Deneyimsiz nesillerin yönetimde yer alması da başlı başına bir sorun olarak karşımıza çıkmaktadır. Esas sahipleri işletmeyi deneyimsiz, bilgisiz ve yeteneksiz genç kuşağa vermesi işletmenin çöküşüne sebep olabilmektedir. Kurumsallaşma, aile işletmelerinde verimliliği sağlamakta ve ülke ekonomisinde önemli yol kat edilmesine imkan sağlamaktadır. Kurumsallaşmanın gerçekleşmesi için gerekli duyulan kriterlerin yerine getirilmesi gerekmektedir. Diğer bir nokta ise eksikliklerin giderilmesi esasıdır. Kurumsallaşmanın sağlanması için hangi noktalardan gelişimin gerçekleşmesi gerekliliğinin tespit edilmesi ve iyi bir politikanın uygulanması gerekmektedir. Bu hususlar neticesinde işletme uzun ömürlü ve verimli bir yapıya bürünebilmektedir.

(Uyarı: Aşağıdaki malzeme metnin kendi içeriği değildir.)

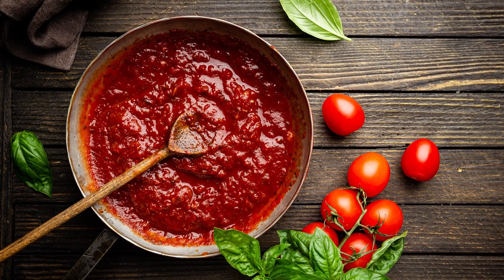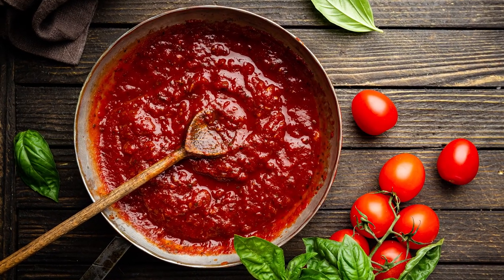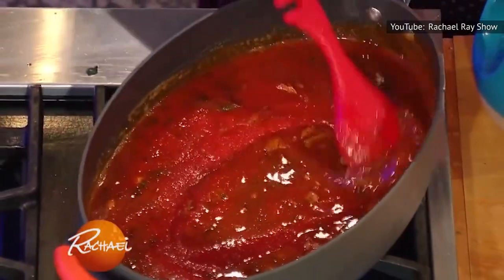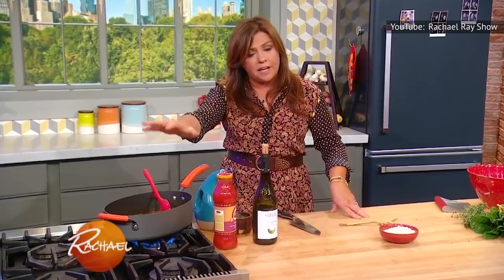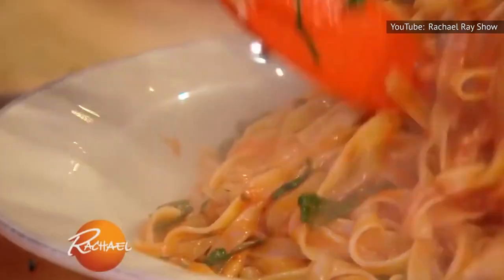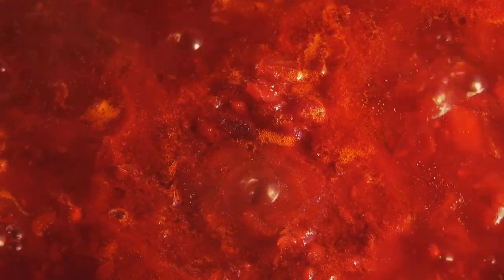Although some cooks claim passata can also consist of cooked and pureed tomatoes, most agree that it stands out as being uncooked. It's also important to note that no added seasonings or vegetables are mixed into passata's tomato base. Unlike many store-bought tomato sauces, Ray points out that passata doesn't contain any added sugar. Recipes such as her garlicky tomato sauce incorporate passata as the stand-alone tomato ingredient, while her pasta alla vodka accentuates the puree's naturally sweet juiciness in conjunction with more toothsome canned tomatoes.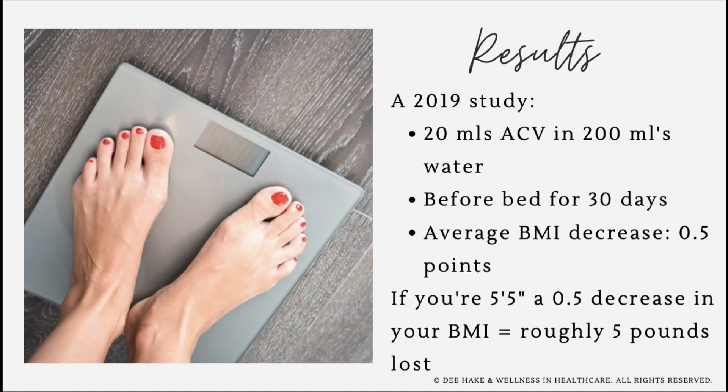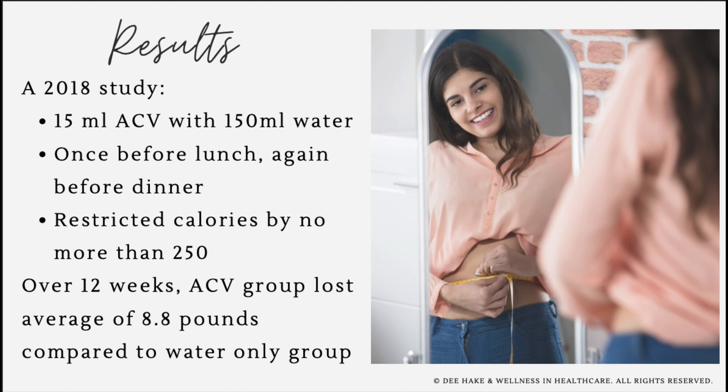A 2019 study showed that participants who drank 20 cc's of apple cider vinegar in 200 ml of water every day before bed for 30 days had an average BMI decrease of 0.5 points — equivalent to about 5 pounds for someone who is 5'5". In a 2018 study, participants drank 15 ml of apple cider vinegar with lunch and another 15 ml with dinner, diluted in water, while eating about 250 calories less than their daily estimated requirements. The apple cider vinegar group lost an average of 8.5 pounds over 12 weeks compared to the control group who drank plain water. Notably, many participants in both studies continued taking apple cider vinegar afterward and kept losing weight.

Sonuç olarak eğer işletme kurucunun hakimiyetinde devam eder ve hiçbir değişiklik sağlayamazsa kurucunun ölümünden sonra işletme de uzun ömürlü olamaz. Mevcut durum tüm aile işletmelerinde geçerlidir. Güncel kalabilen, dünyayı takip eden, sürekli değişen ve gelişen aile işletmeleri ülkeye ekonomik anlamda katkı sağlamaktadır. Bunun yanı sıra genç nesillere istihdam alanı sağlayabilen önemli bir iş sahası olabilmektedir. Bu şekilde hem ülkesine hem de işletmenin kendisine büyük yararlar sağlayabilecektir. Sayılan sebeplerden ötürü aile şirketleri ailenin ekonomik kalkınma sağlaması yönünden değil, hem ülke hem de toplum için büyük önem arz etmektedir. Bu sebeple aile şirketlerinin planlı bir şekilde kurumsallaşmaları ve gelişmeleri gerekmektedir.